- **HOW TO COMPLETE THIS TASK**
Could every line below be transcribed exactly, with the pictures dropped?

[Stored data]
------------------------------

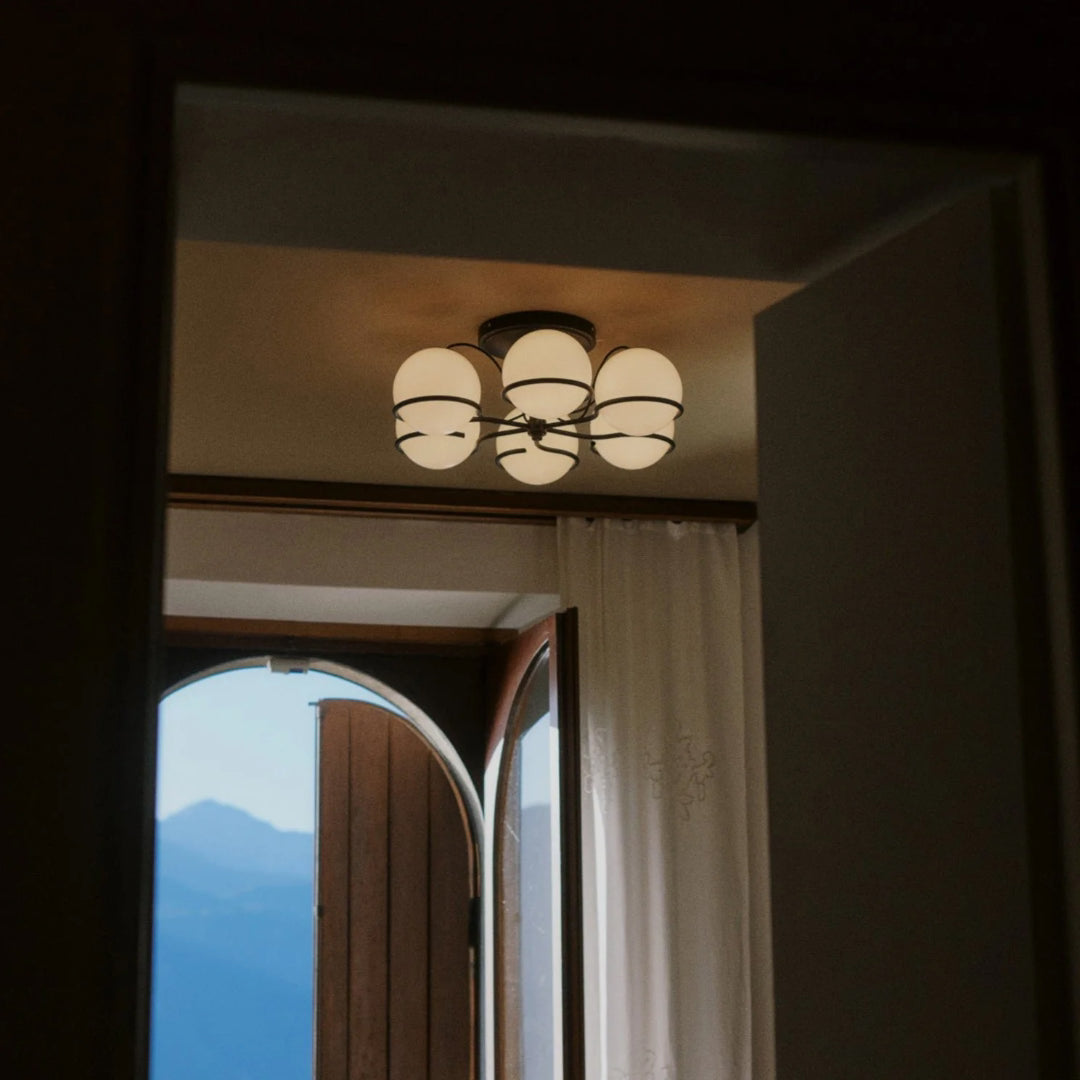 Model 2042 - 6 Opaline Spheres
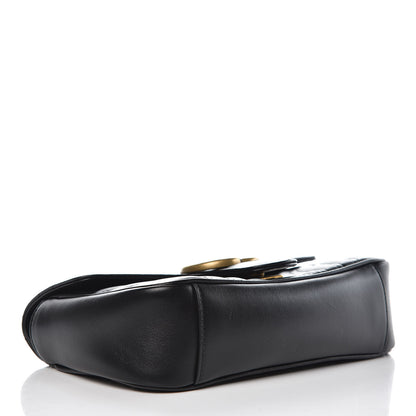 Gucci Calfskin Matelasse Mini GG Marmont Shoulder Bag Black 4 of 11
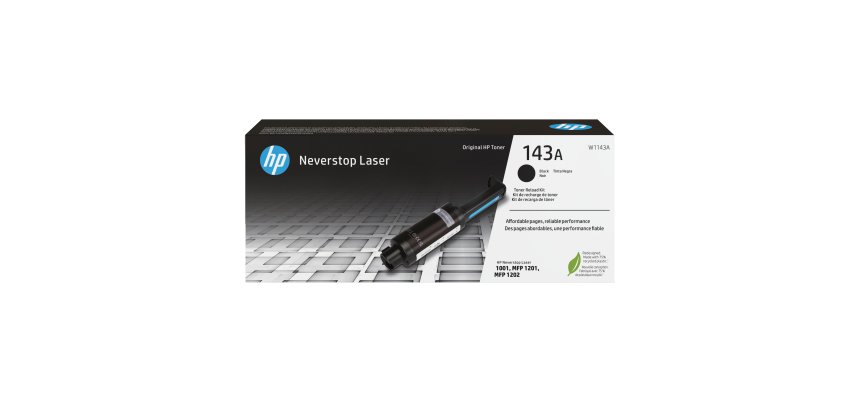 HP Kit de recharge de toner laser noir 143A Neverstop authentique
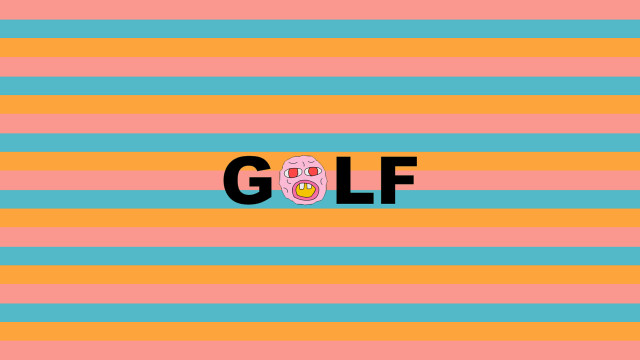 Golf ball face striped background free wallpaper for desktop - medium preview image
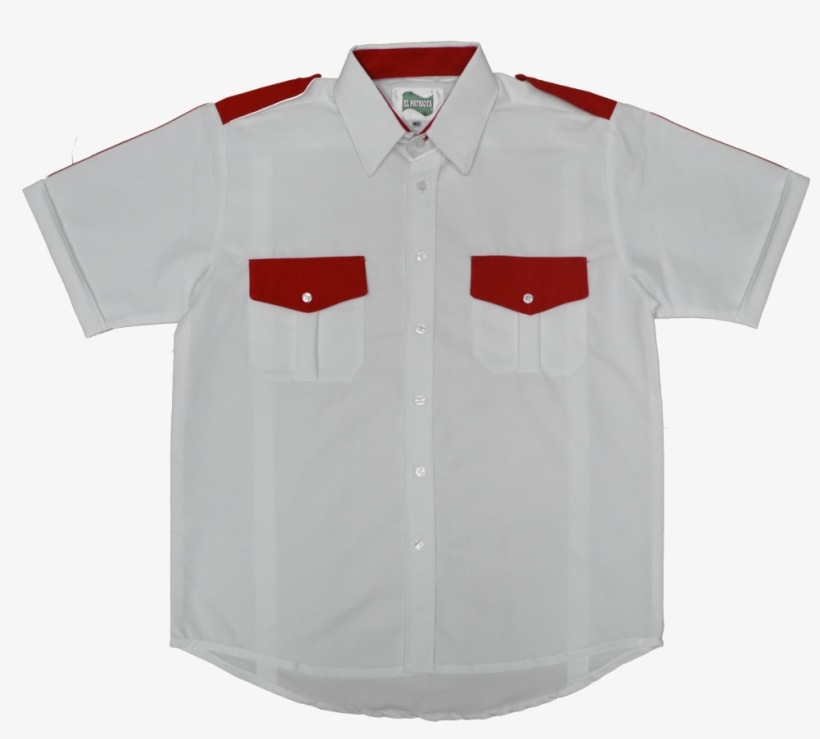 Camisa Blanca Combin - Camisas Manga Corta Rojo Con Blanco, transparent png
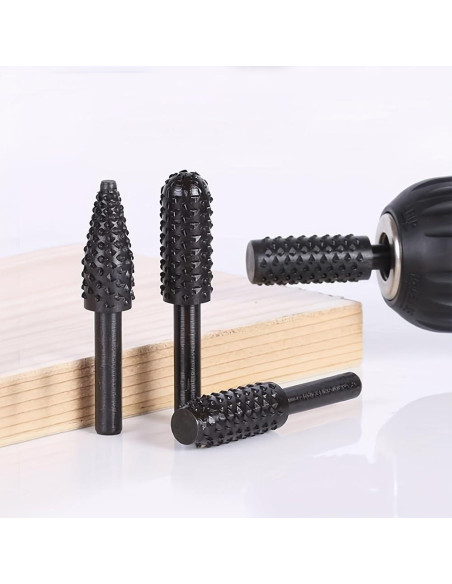 Juego de 10 Fresas Rotativas Wvapzwr 1/4" Hexagonal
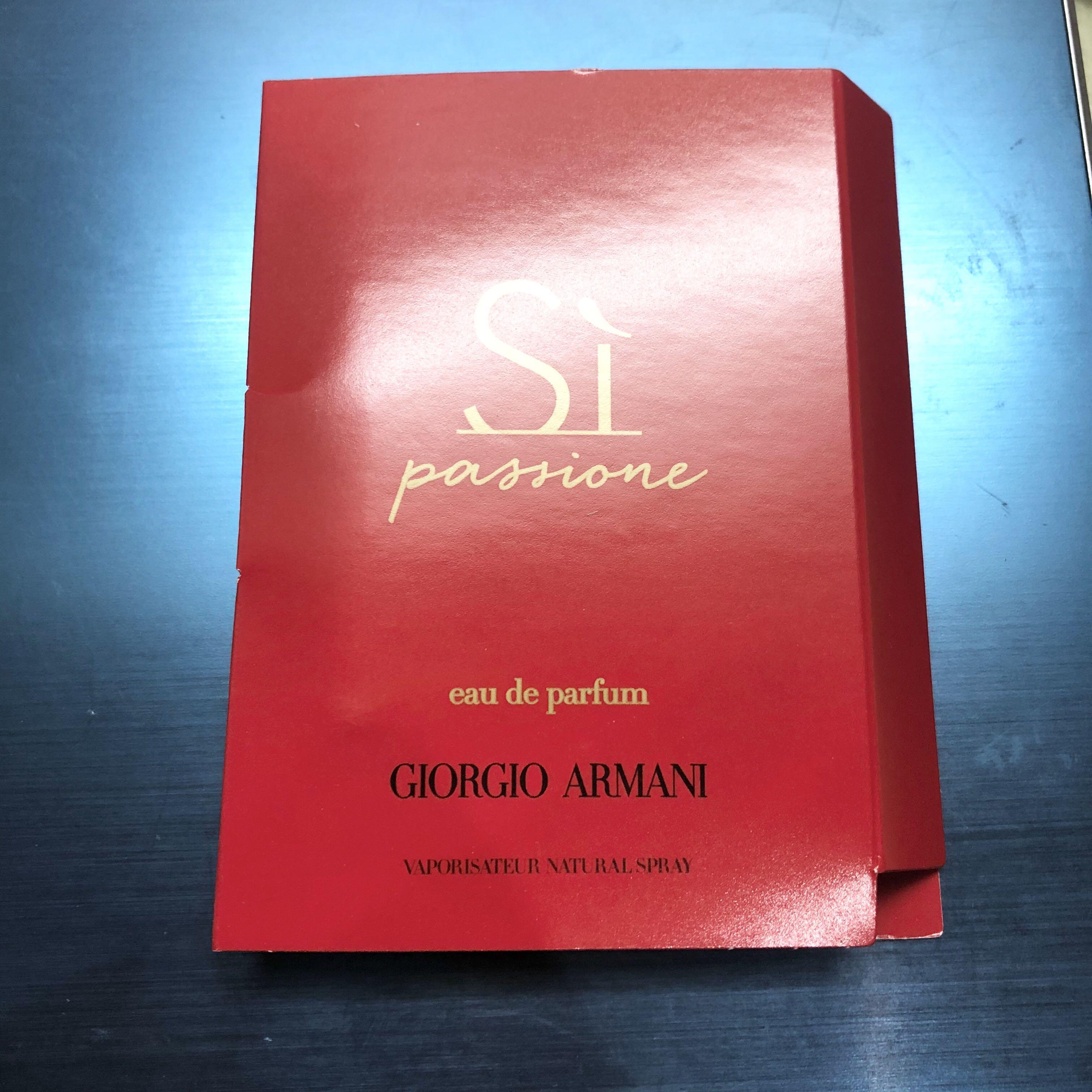 giorgio armani perfume red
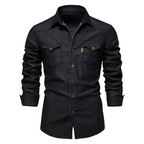 Nathanial Cotton Denim Shirt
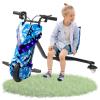 GwlThixion Electric Drift Trike for Kids, 360 Rotatable Drift Trike, with 5 Adjustable Lengths Light Up Rear Wheels, Slip Pedals Stable Trike, for Outdoor Garden Playground 8in-I view 1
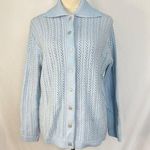 Azure Vintage Cardigan Sweater Knit Womens Medium Cottagecore Granny Button 70s Photo 0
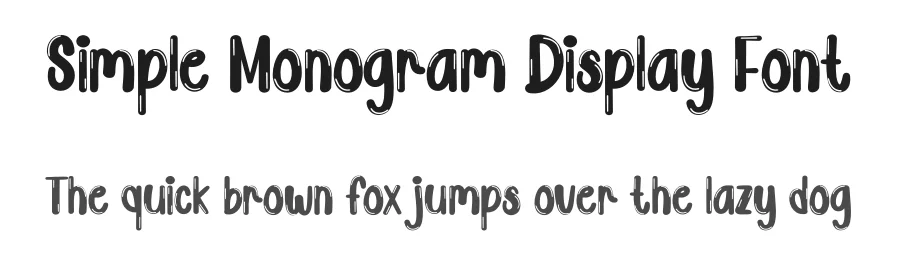 Simple Monogram Display Font by creativeletter — Display Font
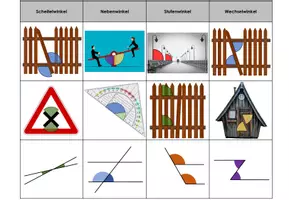Vorschau - Arbeitsblätter - Winkelbeziehungen - Legeübung oder Arbeitsblatt - Seite 2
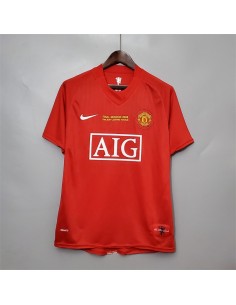 Camiseta Manchester United Retro 07/08 Final UCL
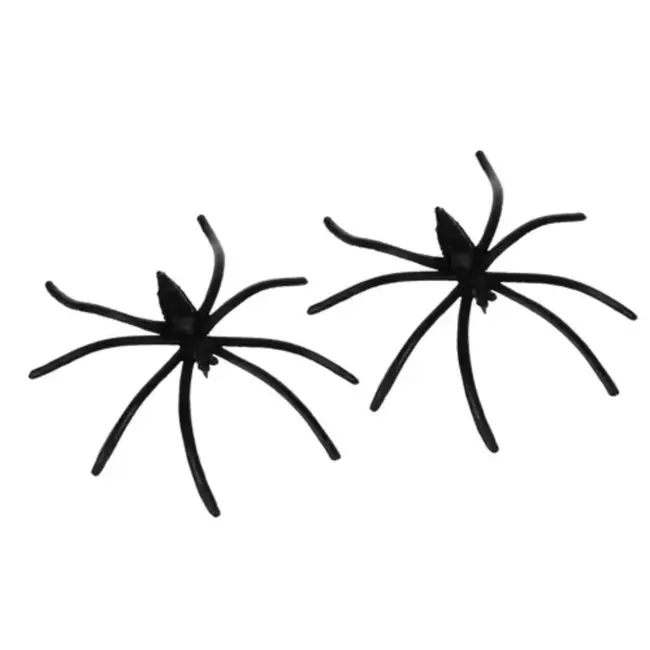 Malatec Kunstmatig Spinnenweb met 2 Spinnen - Perfect voor Halloween Decoratie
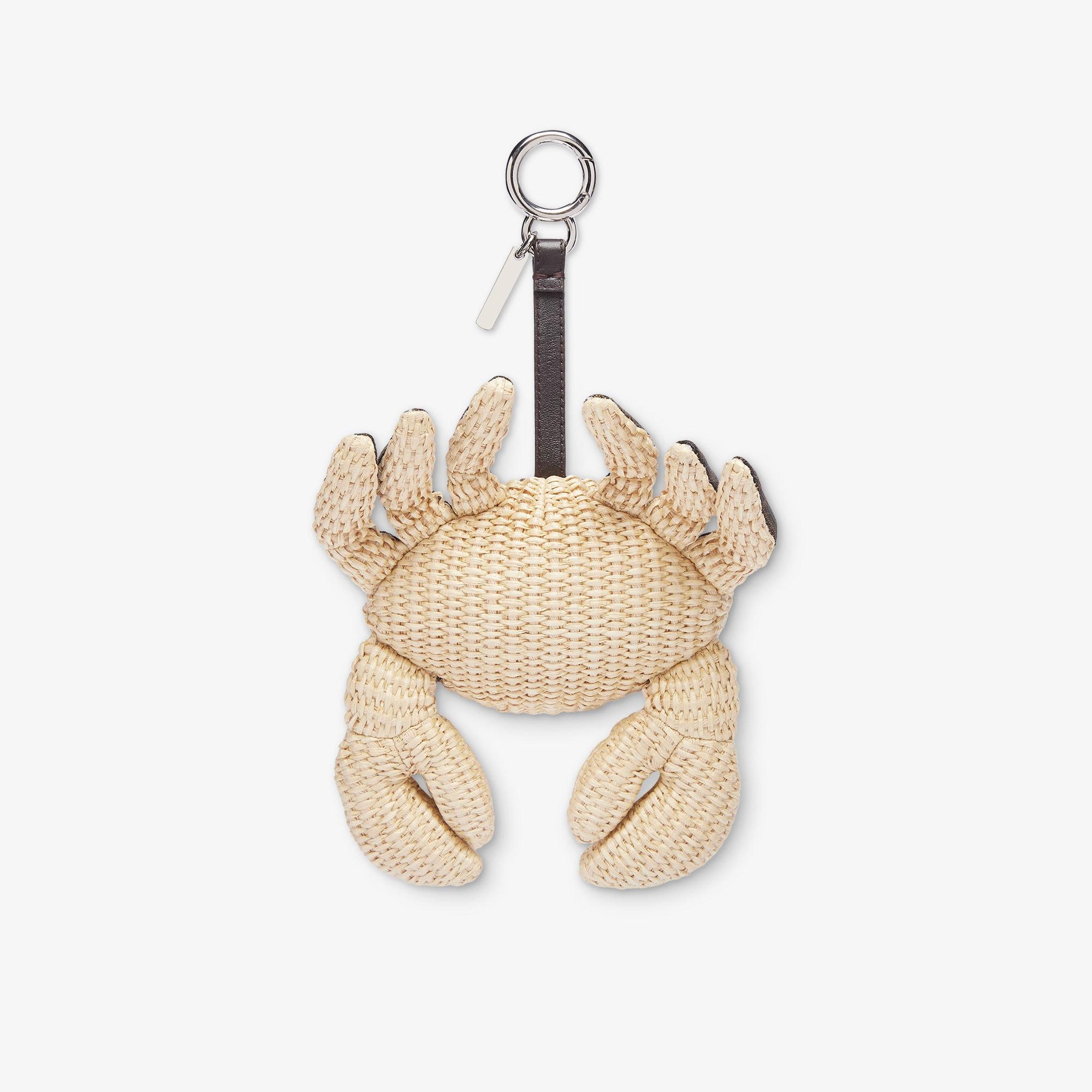 Crab CharmRaffia and jacquard charm Product Image
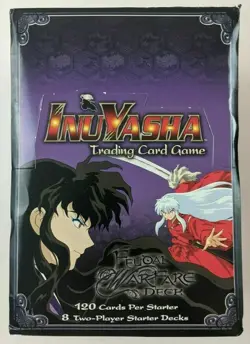 InuYasha Feudal Warfare 8 Deck Trading Card Games NIB - Image 3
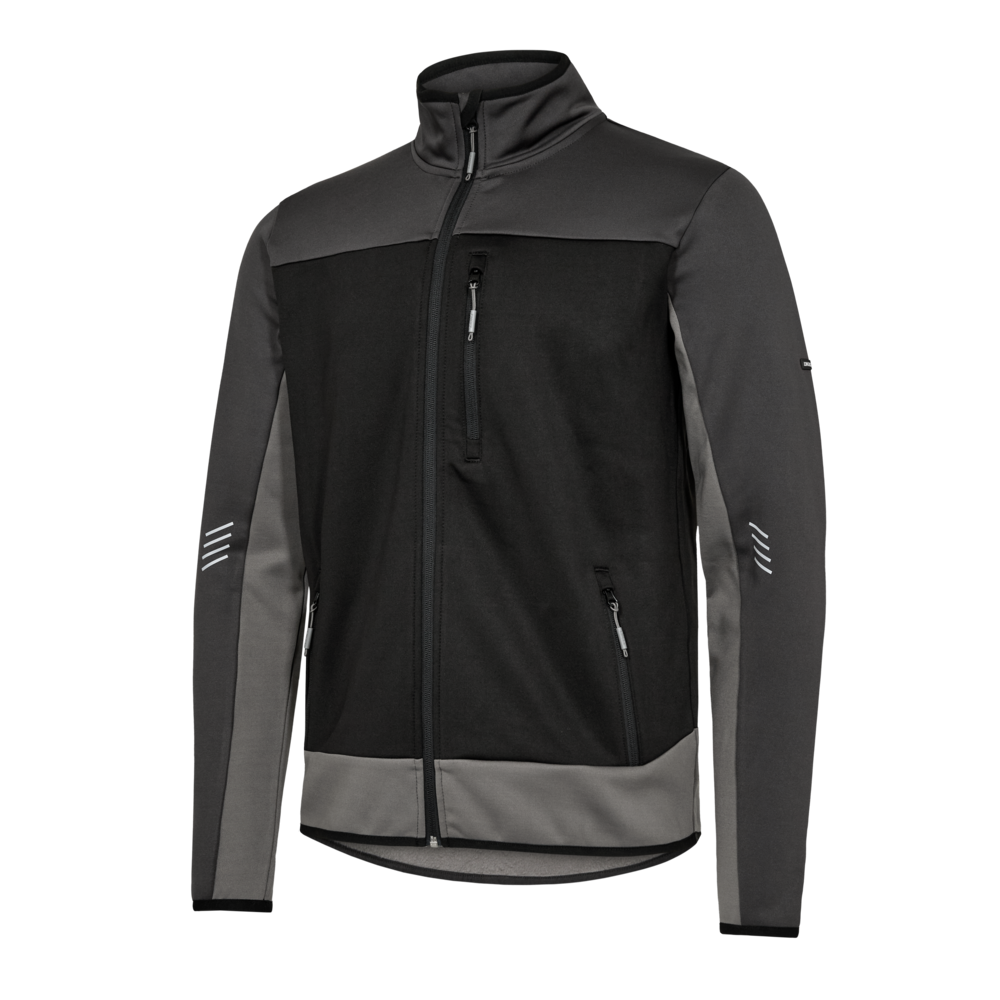 ENTIRE Midlayer-Cardigan Gr. M - Schwarz/Anthrazit Grau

------------------------------

- **COMPLETED EXERCISE**
 Model 2042 - 6 Opaline Spheres
 Gucci Calfskin Matelasse Mini GG Marmont Shoulder Bag Black 4 of 11
 HP Kit de recharge de toner laser noir 143A Neverstop authentique
 Golf ball face striped background free wallpaper for desktop - medium preview image
 Camisa Blanca Combin - Camisas Manga Corta Rojo Con Blanco, transparent png
 Juego de 10 Fresas Rotativas Wvapzwr 1/4" Hexagonal
 giorgio armani perfume red
 Nathanial Cotton Denim Shirt
 GwlThixion Electric Drift Trike for Kids, 360 Rotatable Drift Trike, with 5 Adjustable Lengths Light Up Rear Wheels, Slip Pedals Stable Trike, for Outdoor Garden Playground 8in-I view 1
 Azure Vintage Cardigan Sweater Knit Womens Medium Cottagecore Granny Button 70s Photo 0
 Simple Monogram Display Font by creativeletter — Display Font
Vorschau - Arbeitsblätter - Winkelbeziehungen - Legeübung oder Arbeitsblatt - Seite 2
 Camiseta Manchester United Retro 07/08 Final UCL
 Malatec Kunstmatig Spinnenweb met 2 Spinnen - Perfect voor Halloween Decoratie
 Crab CharmRaffia and jacquard charm Product Image
 InuYasha Feudal Warfare 8 Deck Trading Card Games NIB - Image 3
 ENTIRE Midlayer-Cardigan Gr. M - Schwarz/Anthrazit Grau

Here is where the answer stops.